You are almost there:
For the first term it is convenient to subtract and add $a(u,\nabla v)\nabla(u_k-u)$, so you get to terms: $$ A = \int_\Omega (a(u_k,\nabla v) - a(u,\nabla v))\nabla(u_k-u) $$ and $$ B = \int_\Omega a(u, \nabla v) \nabla(u_k-u). $$
$B$ clearly tends to $0$ be the hypothesis of weak convergence. For the $A$ term note that weakly convergent sequences are uniformly bounded in $L^p$ (this is a consequence of the uniform boundedness principle and the duality of $L^p$). So as you said, by Holder's inequality you can estimate $|A|$ by $$ \|a(u_k,\nabla v)-a(u,\nabla v)\|_{L^{p'}} \|\nabla(u_k-u)\|_{L^{p}}, $$ the first factor tends to $0$ by the strong convergence hypothesis, while the second factor remains uniformly bounded by the above remark.
The second integral is estimated similarly.

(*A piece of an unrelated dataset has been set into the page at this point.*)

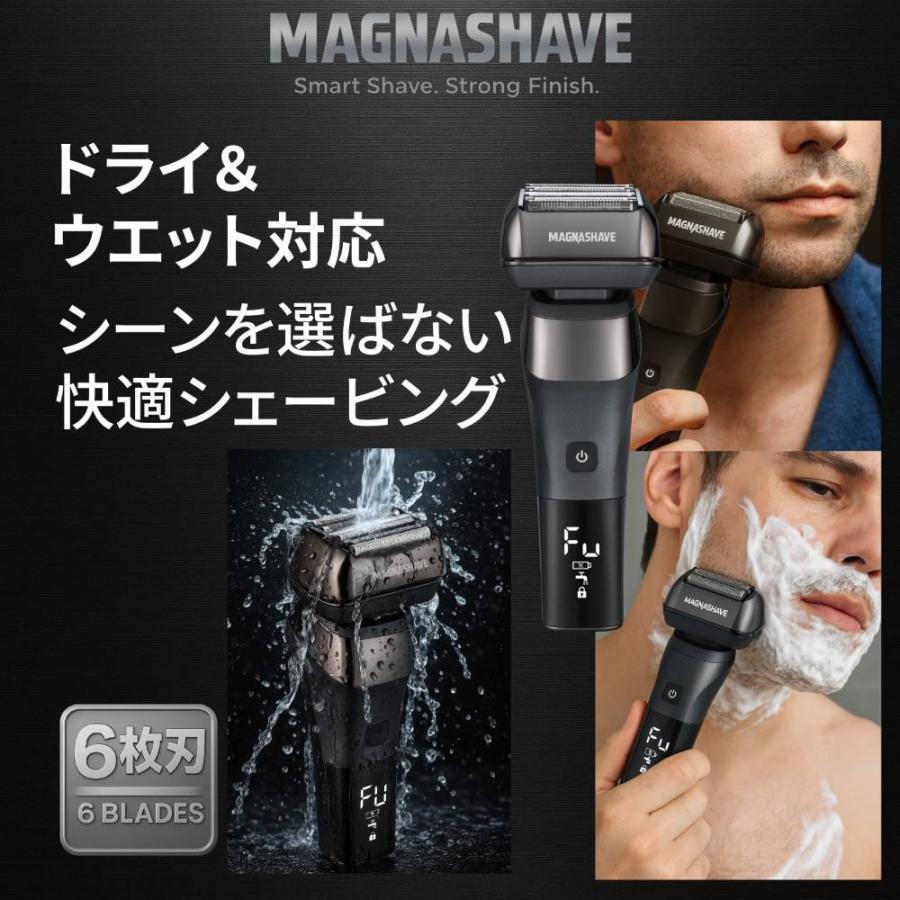 （快適シェービング） 髭剃り usb 電気シェーバー 防水 ３D首振り 6枚刃 ライト搭載 マグネットキャップ 携帯 トラベルロック ひげそり シェーバー GD-S601 | Vegetable | 02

The basic argument using the principle of uniform boundedness above goes like this: if $f_n \rightharpoonup 0$ in $L^p$ then you can define the functionals $\Lambda_n(\psi) = \int f_n \psi$. By weak convergence, for all $\psi \in L^{p'}$ we have $\Lambda_n(\psi) \to 0$, in particular $\sup_n |\Lambda_n(\psi)| < \infty$, so by the uniform boundedness principle we must have $\sup_n \|\Lambda_n\|_{L^{p'} \to \mathbb{C}} < \infty$. Now by duality, $\|\Lambda_n\|_{L^{p'} \to \mathbb{C}} = \|f_n\|_{L^p}$, and you are done.